Multiple ports move to restrict cruise ship arrivals
An growing number of local and national governments are taking measures to limit or prohibit the entry of cruise ships over fears about the latest outbreak of coronavirus.
Two cruise ships, Diamond Princess and Grand Princess, were quarantined in connection with the disease and several more were refused entry to port because of suspected coronavirus threats.
Spain Government has declared a ban on cruise ship calls at Spanish seaports between March 13 and March 26, with a brief exception for vessels returning home disembarking passengers.
In Norway, the national government is moving quickly to crack down on a steadily growing number of cases of coronavirus, and it is calling for 14 days of self-quarantine for all citizens arriving from outside Scandinavia.

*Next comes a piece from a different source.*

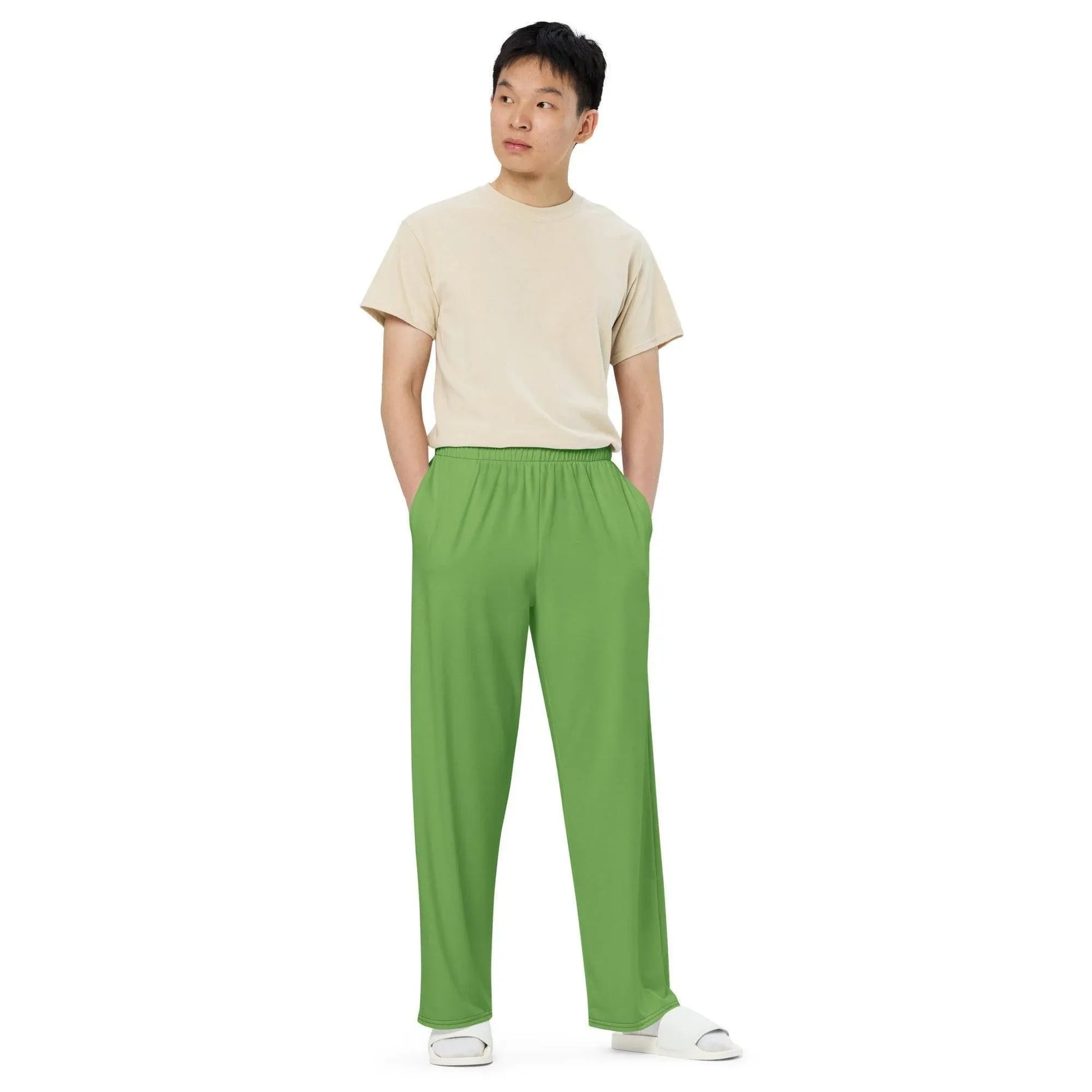 grune-hose-mit-weitem-bein-hose-mit-weitem-bein-jlr-design-1 - JLR Design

As yet there is no national policy specifically affecting the cruise industry, Bergen and Stavanger ports will no longer require passengers to disembark from cruise ships.
In the US, Santa Barbara and Monterey, California's small ports have requested cruise ships to voluntarily cancel scheduled port calls due to the outbreak. Lieutenant Governor Josh Green of Hawaii has expressed an interest in imposing an administrative ban, but state officials said Wednesday that authority lies exclusively with the federal government.

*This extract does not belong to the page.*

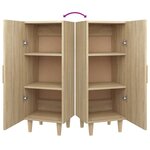 vidaXL Buffet Chêne sonoma 34 5x34x90 cm Bois d'ingénierie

In India, Chennai's port issued a pre-emptive ban on "unscheduled foreign cruise ships," described as all ships that did not announce an intention to call Chennai before January 1.
In early February, soon after the discovery of the outbreak aboard Diamond Princess, Taiwan took a measure to ban all foreign cruise ships. On January 31st the Diamond Princess called for coronavirus testing in Keelung, Taiwan, and four days later she was detained in Yokohama.